Start of Block

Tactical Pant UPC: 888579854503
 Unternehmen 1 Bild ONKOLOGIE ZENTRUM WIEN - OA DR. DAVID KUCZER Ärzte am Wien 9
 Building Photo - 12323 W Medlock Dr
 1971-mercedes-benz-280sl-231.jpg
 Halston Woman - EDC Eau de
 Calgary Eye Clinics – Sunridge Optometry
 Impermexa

End of Block

Copy out the lines beginning at the one that contains "1971-mercedes-benz-280sl-231.jpg". Stop at the final line of the data, and include it.

# Solution below:
 1971-mercedes-benz-280sl-231.jpg
 Halston Woman - EDC Eau de
 Calgary Eye Clinics – Sunridge Optometry
 Impermexa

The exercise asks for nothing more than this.